Editor's note: This is the fourth story in an ongoing series profiling college graduates throughout the United States as they hunt for technology jobs. Click here for CNET's special report, "Wanted: A job in tech." In , another in-demand grad student grapples with quality of life versus money.
When graduating senior Michelle Jiang visited a job fair in Florida last year, recruiters were chasing her down. Literally.
After dropping off a resume at the booth for Johnson Controls, a maker of heating, air-conditioning and power solutions, the next day the company's recruiter ran up to her. "'You're from Caltech, come with me. My boss just told me we want you to interview with us right now.'" As in, skip the line of other recruits hoping to land an offer in what's a rather nerve-wracking job environment for soon-to-be grads.
Though Jiang was admittedly caught off guard by the recruiter's exuberance, it's the kind of thing to which students at the California Institute of Technology, one of the most revered institutions for graduating engineers, physicists, and actual rocket scientists, eventually get accustomed.
Jiang, 22, a warm, chatty native of Vancouver, Wash., by way of Canada and China, didn't end up with an offer from Johnson Controls though. In fact, she didn't even interview. She chose instead to pursue a not-so-traditional path for a double major in mechanical engineering and business at Caltech.

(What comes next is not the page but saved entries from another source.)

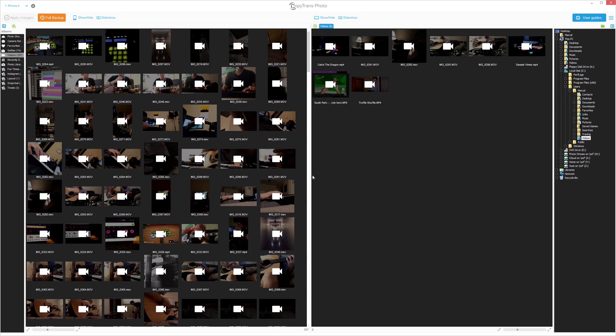Videos and photos from the PC will appear on the right while the iOS media will appear on the left. Choose a PC folder containing the videos from the far right side.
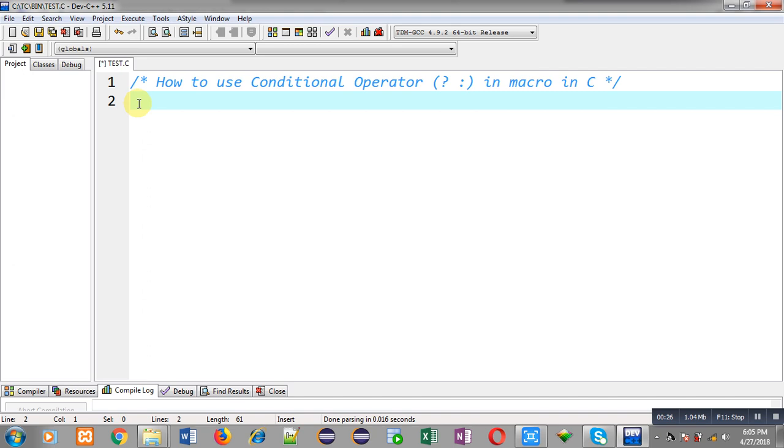Now I am going to implement a code in front of you which will demonstrate how you can use conditional operator in macros in C.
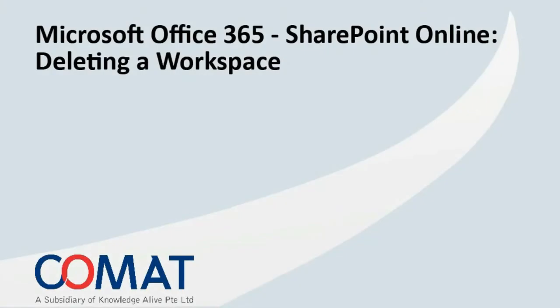Welcome to SharePoint 2010 tutorial. In this video, you're going to learn how to delete a workspace from a team site.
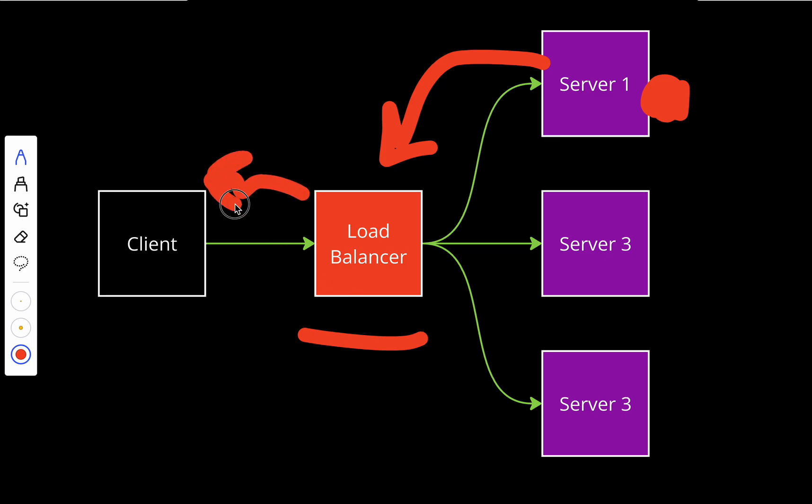Right now we need to talk about the types of load balancers.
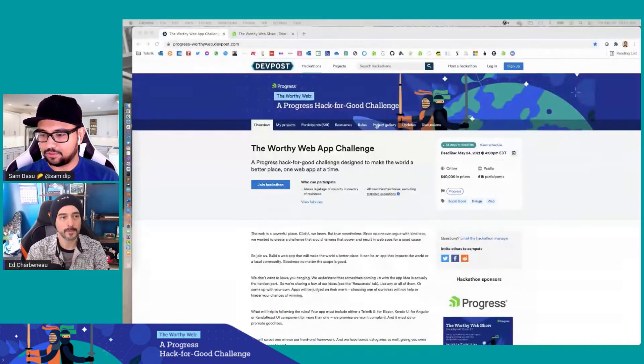Thank you for joining us here at Coded Live. I'm your host, Sam Basu, and with me I have your other co-host, Mr. Ed Sharpeno. How are you, sir? Hello, everybody. Thanks for joining me today, Ed. I kind of dragged Ed into this, so we'll walk over why we're doing this. But this is a special stream — we are supporting the Word of the Web hackathon. Speaking of which, let me bring up my desktop so we could talk through it.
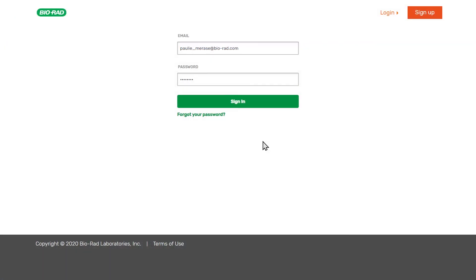Welcome back to this introductory video series on BioRad's br.io cloud platform for laboratory instruments. In this video we will go over how to set up a protocol for the CFX Opus real-time PCR system, which is required before we can create a run for the instrument.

Mechanical engineers-in-training ("Mech-E's" in engineering parlance) at her school generally have little trouble landing a job at Northrop Grumman or Raytheon, both a quick jaunt down the Interstate 10 from the school's Southern California campus. But as a girl who grew up glued to her parents' Compaq Presario--with 3GB of hard drive space and a whole 256MB of memory--she imagined a future surrounded by motherboards, not missiles.
Now, as to why recruiters have reason to chase her down: Jiang interned at Hewlett-Packard right out of high school, where she was in the Math Club and Science Olympiad, studied abroad at Cambridge University, and is a member of the Society of Women Engineers.

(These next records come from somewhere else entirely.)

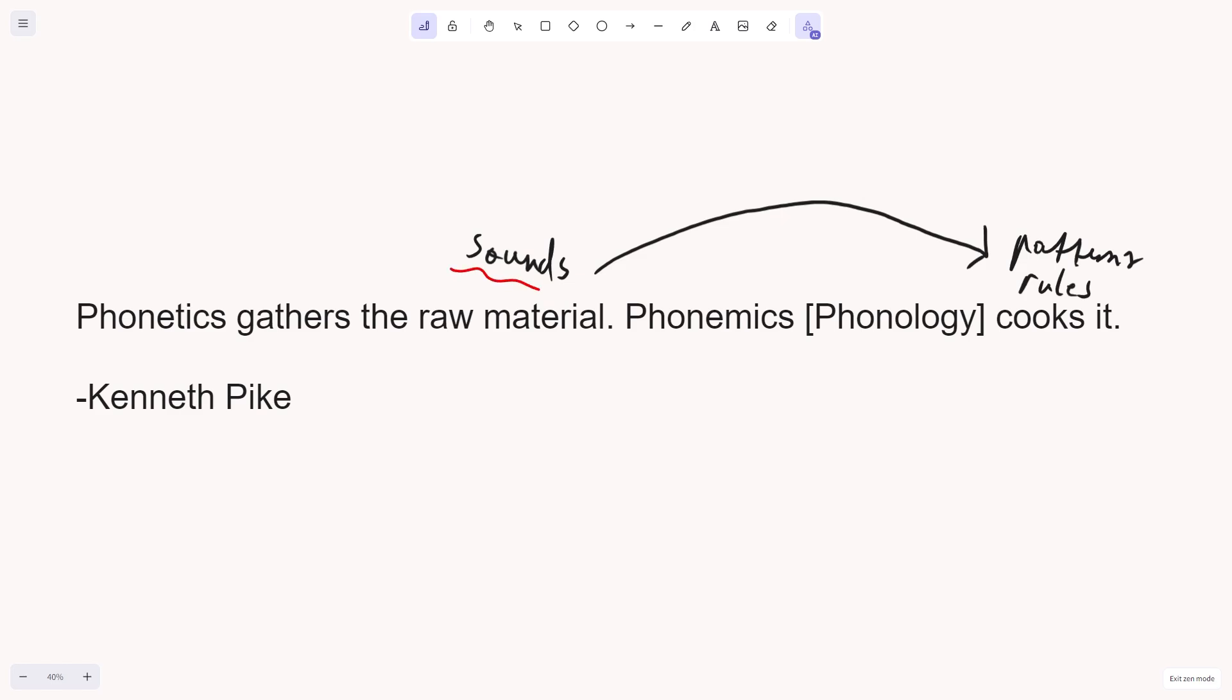And if you want to learn more about what sounds are, what phones and phonemes are, click the video on the screen right now, it's in the middle, and if you're still here now, don't forget to subscribe and hit the like button, and see you next time. Goodbye.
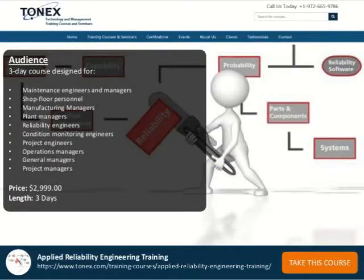Audience: This 3-day course is designed for Maintenance Engineers and Managers, Shop Floor Personnel, Manufacturing Managers, Plant Managers, Reliability Engineers, Condition Monitoring Engineers, Project Engineers, Operations Managers, General Managers, and Project Managers.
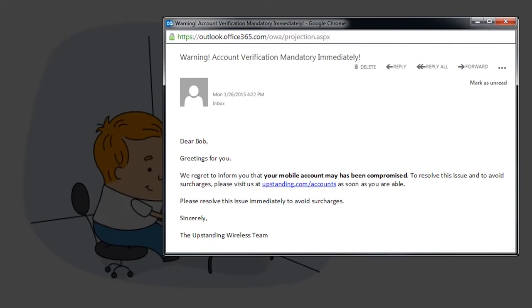One day, Bob received this email in his inbox. Dear Bob, greetings for you. We regret to inform you that your mobile account may has been compromised. To resolve this issue and to avoid surcharges, please visit us at upstanding.com backslash accounts as soon as you are able.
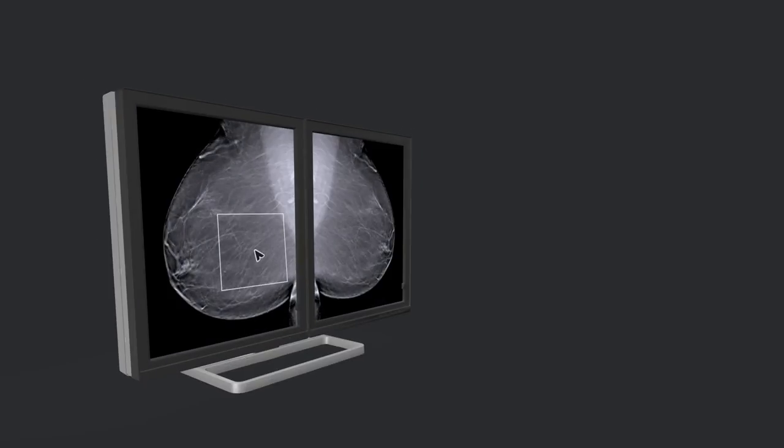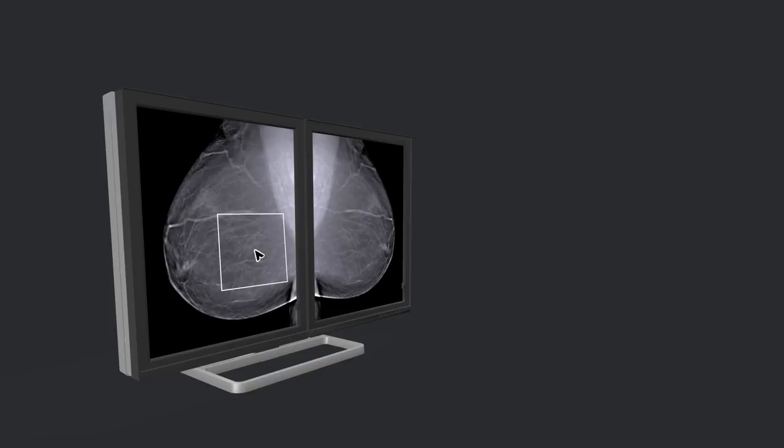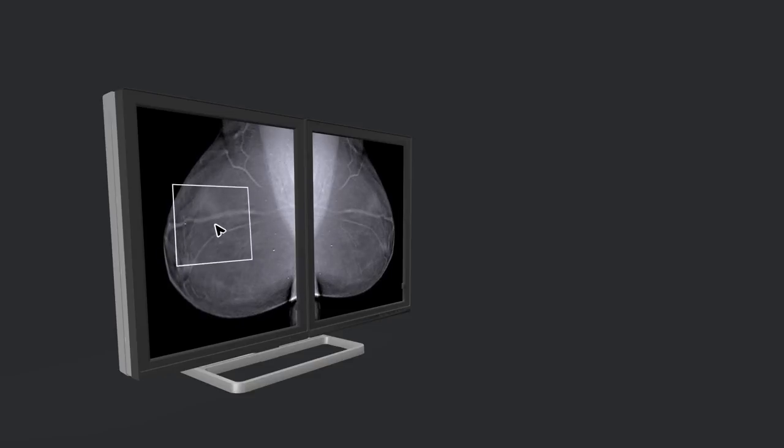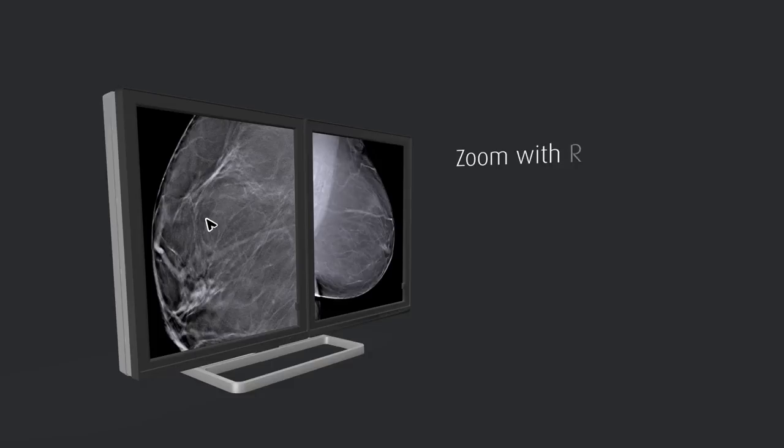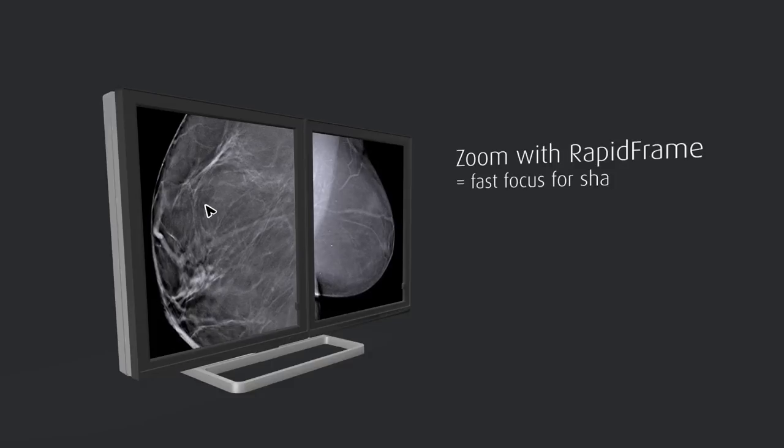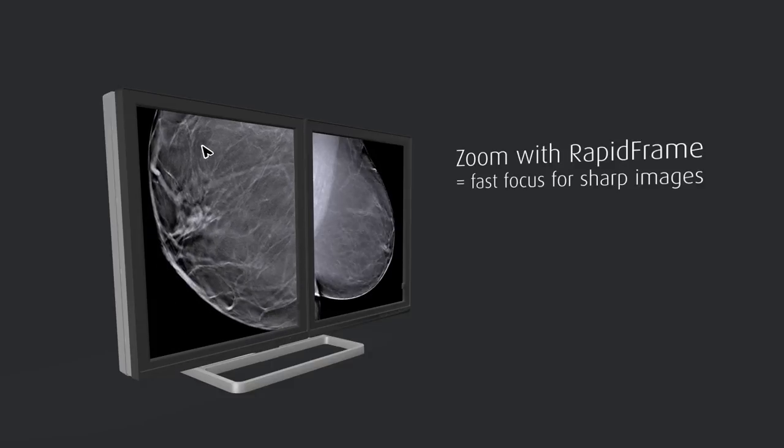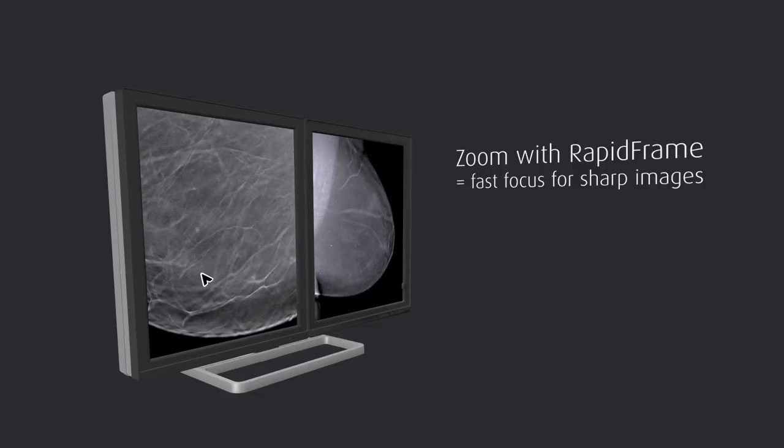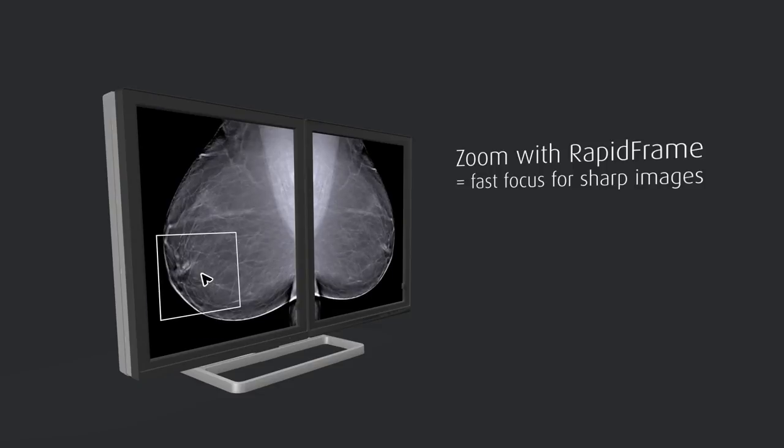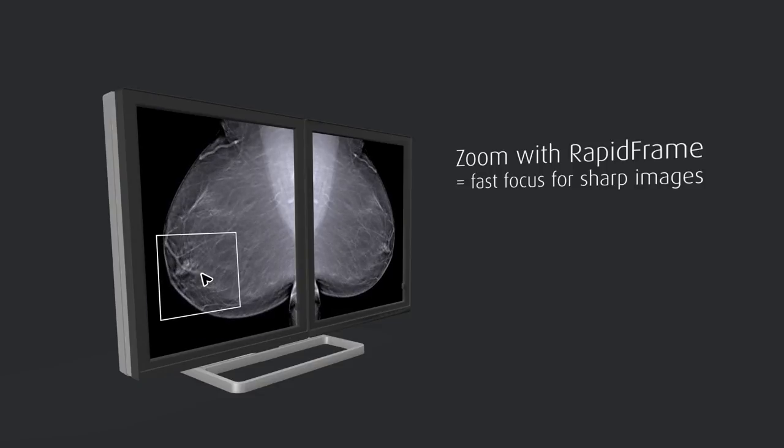This also means that when using tools like the zoom tool or the magnifying glass, even on 2D images, the image is sharp immediately. The radiologist doesn't have to stop and wait for the image to come into focus, as is the case with traditional displays.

And lest you think she's some academic robot: Jiang's a former cheerleader, and plays both volleyball and tennis at Caltech.

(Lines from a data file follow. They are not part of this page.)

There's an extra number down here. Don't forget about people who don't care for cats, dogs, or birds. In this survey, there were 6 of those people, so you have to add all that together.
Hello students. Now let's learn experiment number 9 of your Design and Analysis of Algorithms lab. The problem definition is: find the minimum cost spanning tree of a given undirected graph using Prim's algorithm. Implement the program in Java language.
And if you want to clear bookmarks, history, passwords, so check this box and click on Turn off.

While college graduating seniors around the country are nervously waiting to hear back about jobs, Jiang can say, with plenty of relief, that she had that sewn up months ago.
Thanks to her decision to study abroad during the same semester her peers would be angling to beat her out for jobs, she began the hunt last fall. "I was kind of freaking out," she remembers.
Playing the overachiever to a T, her top three choices, naturally, were the heavyweights of the tech world: Microsoft, Hewlett-Packard, and Intel.
In the end, it came down to HP and Intel. At HP she was offered a position on the team she first joined as an 18-year-old intern, integrating software, hardware, and firmware for printers. Intel recruited her to a highly selective 18-month program for recent engineering graduates that rotates them every six months.
The program is usually reserved for 25 post-graduate students, but Jiang was recommended by the recruiter after she showed up at an informational session at Caltech and asked way more probing questions than anyone else in attendance, and of course because of her impressive resume. A dinner followed that evening with several Intel recruiters and a few fellow students. And like that, she had the necessary recommendation from the recruiter, then she was off to "REP Rush," a round-robin style interview session with all the candidates vying for space in the program.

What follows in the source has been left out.